What to produce: Where a line of the data holds the word "Antique", copy that line.

◇ ◇ ◇ ◇ ◇ ◇ ◇

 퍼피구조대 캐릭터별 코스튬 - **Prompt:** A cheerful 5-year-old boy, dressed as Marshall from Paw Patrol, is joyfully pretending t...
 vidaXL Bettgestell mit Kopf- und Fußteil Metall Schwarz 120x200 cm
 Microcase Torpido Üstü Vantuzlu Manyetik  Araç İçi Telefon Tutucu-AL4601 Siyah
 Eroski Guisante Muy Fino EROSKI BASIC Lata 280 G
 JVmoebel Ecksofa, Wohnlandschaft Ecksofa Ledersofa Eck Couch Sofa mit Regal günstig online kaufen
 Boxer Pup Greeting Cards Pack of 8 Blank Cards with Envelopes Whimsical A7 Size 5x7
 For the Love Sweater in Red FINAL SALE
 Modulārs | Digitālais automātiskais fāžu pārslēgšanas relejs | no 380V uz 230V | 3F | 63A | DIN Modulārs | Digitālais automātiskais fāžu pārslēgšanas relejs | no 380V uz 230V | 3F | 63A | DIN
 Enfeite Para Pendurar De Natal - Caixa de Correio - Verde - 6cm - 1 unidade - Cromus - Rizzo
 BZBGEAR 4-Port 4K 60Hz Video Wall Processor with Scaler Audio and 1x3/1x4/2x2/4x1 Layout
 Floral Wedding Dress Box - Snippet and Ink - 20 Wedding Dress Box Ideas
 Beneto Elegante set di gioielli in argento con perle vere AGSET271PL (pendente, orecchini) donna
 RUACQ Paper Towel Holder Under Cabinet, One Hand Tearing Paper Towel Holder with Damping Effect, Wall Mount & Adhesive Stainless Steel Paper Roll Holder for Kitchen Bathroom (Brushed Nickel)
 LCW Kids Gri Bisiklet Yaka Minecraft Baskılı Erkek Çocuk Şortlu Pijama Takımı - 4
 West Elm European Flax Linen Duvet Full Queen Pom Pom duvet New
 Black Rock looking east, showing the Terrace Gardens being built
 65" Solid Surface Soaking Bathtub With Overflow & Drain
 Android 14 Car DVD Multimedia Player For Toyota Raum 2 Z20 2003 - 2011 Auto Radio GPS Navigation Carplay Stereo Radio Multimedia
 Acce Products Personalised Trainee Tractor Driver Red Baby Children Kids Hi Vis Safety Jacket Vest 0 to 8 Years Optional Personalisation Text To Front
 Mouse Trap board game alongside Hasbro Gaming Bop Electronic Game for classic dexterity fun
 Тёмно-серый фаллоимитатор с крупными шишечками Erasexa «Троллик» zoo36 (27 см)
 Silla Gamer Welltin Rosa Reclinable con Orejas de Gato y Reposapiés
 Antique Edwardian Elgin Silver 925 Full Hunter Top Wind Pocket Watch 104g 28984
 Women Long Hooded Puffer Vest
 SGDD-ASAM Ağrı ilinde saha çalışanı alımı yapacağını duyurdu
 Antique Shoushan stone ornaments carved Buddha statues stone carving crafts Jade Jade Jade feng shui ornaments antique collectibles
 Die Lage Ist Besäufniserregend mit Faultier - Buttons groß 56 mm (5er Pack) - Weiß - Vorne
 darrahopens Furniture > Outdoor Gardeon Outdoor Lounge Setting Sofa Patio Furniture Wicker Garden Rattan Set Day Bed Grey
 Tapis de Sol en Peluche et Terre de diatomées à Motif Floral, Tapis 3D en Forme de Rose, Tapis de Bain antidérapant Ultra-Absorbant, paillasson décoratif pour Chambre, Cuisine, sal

◇ ◇ ◇ ◇ ◇ ◇ ◇

Exercise output:
 Antique Edwardian Elgin Silver 925 Full Hunter Top Wind Pocket Watch 104g 28984
 Antique Shoushan stone ornaments carved Buddha statues stone carving crafts Jade Jade Jade feng shui ornaments antique collectibles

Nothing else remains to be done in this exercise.